Directions for this task >> Repeat the lines of the data that follow, please, starting at the first and stopping after the one with "Cheesecake de Doce".

*** Input records ***

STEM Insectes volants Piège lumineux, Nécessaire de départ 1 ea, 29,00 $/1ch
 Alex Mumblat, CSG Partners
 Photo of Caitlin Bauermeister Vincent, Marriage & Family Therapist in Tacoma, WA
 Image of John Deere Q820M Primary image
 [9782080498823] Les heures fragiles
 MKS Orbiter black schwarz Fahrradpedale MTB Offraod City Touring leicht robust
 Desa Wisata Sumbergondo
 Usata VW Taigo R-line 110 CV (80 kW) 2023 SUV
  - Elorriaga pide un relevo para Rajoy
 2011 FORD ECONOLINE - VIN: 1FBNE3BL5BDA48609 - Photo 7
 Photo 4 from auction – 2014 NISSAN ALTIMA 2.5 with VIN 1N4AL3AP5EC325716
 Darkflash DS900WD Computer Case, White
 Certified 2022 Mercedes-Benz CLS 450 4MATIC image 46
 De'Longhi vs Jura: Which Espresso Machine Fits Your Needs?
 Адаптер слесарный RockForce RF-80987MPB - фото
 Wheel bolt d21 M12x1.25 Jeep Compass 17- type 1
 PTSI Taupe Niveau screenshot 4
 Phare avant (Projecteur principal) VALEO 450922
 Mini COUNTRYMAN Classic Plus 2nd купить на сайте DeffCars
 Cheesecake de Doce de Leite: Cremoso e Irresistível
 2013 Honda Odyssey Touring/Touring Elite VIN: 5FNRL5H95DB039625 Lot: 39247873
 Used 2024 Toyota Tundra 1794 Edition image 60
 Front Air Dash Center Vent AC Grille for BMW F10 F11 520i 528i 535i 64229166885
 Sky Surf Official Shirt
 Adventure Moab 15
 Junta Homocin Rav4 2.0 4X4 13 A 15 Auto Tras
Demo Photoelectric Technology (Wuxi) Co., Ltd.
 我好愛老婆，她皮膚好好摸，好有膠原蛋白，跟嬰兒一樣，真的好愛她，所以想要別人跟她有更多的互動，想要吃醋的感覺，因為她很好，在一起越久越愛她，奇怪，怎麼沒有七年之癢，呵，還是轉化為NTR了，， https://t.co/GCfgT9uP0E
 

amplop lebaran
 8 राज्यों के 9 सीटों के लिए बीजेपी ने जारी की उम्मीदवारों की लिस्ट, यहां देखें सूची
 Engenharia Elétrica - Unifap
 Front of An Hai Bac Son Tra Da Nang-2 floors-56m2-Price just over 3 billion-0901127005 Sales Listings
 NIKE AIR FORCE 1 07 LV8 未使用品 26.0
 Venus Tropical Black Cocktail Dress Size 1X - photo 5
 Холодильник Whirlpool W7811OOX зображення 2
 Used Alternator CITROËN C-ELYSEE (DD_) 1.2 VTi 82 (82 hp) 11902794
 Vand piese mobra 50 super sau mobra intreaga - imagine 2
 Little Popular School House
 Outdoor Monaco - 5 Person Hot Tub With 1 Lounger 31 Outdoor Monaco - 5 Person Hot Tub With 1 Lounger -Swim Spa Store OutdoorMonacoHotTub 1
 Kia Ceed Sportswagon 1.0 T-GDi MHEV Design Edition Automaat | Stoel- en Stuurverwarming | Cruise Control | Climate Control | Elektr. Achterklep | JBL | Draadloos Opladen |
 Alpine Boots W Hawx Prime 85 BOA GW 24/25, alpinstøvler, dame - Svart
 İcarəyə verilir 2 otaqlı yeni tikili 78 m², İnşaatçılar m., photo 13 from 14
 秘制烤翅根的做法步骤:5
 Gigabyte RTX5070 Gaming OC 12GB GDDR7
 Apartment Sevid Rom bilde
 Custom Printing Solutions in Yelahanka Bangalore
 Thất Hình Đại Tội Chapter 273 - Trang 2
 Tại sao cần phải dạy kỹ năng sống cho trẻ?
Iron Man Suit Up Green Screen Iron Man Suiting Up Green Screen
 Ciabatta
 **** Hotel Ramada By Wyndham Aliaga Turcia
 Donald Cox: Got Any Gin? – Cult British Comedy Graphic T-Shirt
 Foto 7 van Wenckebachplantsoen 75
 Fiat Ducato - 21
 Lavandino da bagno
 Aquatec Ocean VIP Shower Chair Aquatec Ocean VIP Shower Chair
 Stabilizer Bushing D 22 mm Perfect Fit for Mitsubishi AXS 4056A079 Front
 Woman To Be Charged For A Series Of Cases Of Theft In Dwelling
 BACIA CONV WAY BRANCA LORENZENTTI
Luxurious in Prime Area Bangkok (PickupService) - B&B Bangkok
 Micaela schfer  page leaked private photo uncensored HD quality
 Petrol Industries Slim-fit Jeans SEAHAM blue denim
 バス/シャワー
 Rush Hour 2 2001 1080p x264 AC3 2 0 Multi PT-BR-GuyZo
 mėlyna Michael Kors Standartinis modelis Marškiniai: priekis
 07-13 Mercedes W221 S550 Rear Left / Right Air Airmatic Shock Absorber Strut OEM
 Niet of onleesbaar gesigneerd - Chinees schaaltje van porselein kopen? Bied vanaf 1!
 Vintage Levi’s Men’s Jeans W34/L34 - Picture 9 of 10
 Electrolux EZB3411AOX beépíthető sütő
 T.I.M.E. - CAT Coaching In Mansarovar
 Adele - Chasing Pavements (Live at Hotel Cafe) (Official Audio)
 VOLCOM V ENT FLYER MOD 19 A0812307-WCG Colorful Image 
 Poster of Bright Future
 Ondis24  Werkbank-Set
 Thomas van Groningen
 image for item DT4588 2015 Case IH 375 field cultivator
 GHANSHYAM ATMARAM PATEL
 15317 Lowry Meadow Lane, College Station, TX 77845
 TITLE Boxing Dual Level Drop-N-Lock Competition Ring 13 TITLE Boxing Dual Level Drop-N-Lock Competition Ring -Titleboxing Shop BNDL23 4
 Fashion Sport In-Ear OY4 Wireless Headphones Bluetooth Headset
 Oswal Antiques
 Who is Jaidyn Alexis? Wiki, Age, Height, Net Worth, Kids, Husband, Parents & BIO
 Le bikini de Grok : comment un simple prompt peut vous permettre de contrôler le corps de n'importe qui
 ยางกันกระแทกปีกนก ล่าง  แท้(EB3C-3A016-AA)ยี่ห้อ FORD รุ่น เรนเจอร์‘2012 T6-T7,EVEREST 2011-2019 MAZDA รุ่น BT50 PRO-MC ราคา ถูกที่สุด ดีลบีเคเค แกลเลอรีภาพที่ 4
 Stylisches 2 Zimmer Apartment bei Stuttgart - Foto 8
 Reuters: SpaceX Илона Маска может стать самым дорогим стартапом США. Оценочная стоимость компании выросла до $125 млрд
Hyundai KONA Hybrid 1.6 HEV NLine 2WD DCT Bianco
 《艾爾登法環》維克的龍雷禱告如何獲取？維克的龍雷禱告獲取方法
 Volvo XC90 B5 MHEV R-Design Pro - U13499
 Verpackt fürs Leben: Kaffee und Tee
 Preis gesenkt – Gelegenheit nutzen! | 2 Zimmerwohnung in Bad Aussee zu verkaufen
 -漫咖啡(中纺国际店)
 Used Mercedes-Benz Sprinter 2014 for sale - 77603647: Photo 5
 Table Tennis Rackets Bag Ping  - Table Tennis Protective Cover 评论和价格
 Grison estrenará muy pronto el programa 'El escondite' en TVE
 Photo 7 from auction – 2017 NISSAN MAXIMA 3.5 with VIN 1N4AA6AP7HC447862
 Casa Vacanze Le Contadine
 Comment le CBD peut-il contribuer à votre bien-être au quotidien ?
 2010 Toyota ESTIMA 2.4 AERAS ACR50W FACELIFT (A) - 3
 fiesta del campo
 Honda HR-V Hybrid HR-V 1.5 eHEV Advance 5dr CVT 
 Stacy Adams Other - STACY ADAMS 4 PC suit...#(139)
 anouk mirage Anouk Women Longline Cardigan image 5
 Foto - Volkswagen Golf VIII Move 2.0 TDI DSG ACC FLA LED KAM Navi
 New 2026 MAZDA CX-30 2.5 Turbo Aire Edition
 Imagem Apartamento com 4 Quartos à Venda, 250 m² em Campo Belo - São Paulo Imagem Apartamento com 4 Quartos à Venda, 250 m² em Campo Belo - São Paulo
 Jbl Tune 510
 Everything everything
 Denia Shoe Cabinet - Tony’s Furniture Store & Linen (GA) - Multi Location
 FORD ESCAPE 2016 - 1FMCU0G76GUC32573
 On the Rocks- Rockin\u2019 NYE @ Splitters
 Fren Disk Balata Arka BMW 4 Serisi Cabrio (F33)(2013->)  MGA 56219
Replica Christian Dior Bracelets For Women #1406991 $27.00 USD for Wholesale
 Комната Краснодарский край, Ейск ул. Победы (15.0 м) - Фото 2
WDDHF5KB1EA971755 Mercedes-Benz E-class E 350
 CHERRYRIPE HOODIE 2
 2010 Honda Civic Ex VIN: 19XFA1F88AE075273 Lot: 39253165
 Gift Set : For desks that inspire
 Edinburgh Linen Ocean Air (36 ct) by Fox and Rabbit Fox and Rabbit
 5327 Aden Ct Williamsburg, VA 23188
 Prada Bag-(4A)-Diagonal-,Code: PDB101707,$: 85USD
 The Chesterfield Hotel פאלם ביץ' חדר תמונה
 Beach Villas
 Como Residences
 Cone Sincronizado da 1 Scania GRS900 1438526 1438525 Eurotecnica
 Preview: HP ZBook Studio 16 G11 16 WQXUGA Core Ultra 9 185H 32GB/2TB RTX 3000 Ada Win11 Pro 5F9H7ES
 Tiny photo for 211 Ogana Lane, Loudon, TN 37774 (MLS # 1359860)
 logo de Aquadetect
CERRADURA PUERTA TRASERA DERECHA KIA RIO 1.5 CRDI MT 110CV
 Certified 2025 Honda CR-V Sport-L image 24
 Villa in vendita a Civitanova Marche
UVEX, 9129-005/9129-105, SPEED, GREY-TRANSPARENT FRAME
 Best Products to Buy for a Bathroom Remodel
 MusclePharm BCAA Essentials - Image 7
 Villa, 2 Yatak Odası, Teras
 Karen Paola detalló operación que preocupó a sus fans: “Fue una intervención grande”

*** End of Input records ***

Result >>
STEM Insectes volants Piège lumineux, Nécessaire de départ 1 ea, 29,00 $/1ch
 Alex Mumblat, CSG Partners
 Photo of Caitlin Bauermeister Vincent, Marriage & Family Therapist in Tacoma, WA
 Image of John Deere Q820M Primary image
 [9782080498823] Les heures fragiles
 MKS Orbiter black schwarz Fahrradpedale MTB Offraod City Touring leicht robust
 Desa Wisata Sumbergondo
 Usata VW Taigo R-line 110 CV (80 kW) 2023 SUV
  - Elorriaga pide un relevo para Rajoy
 2011 FORD ECONOLINE - VIN: 1FBNE3BL5BDA48609 - Photo 7
 Photo 4 from auction – 2014 NISSAN ALTIMA 2.5 with VIN 1N4AL3AP5EC325716
 Darkflash DS900WD Computer Case, White
 Certified 2022 Mercedes-Benz CLS 450 4MATIC image 46
 De'Longhi vs Jura: Which Espresso Machine Fits Your Needs?
 Адаптер слесарный RockForce RF-80987MPB - фото
 Wheel bolt d21 M12x1.25 Jeep Compass 17- type 1
 PTSI Taupe Niveau screenshot 4
 Phare avant (Projecteur principal) VALEO 450922
 Mini COUNTRYMAN Classic Plus 2nd купить на сайте DeffCars
 Cheesecake de Doce de Leite: Cremoso e Irresistível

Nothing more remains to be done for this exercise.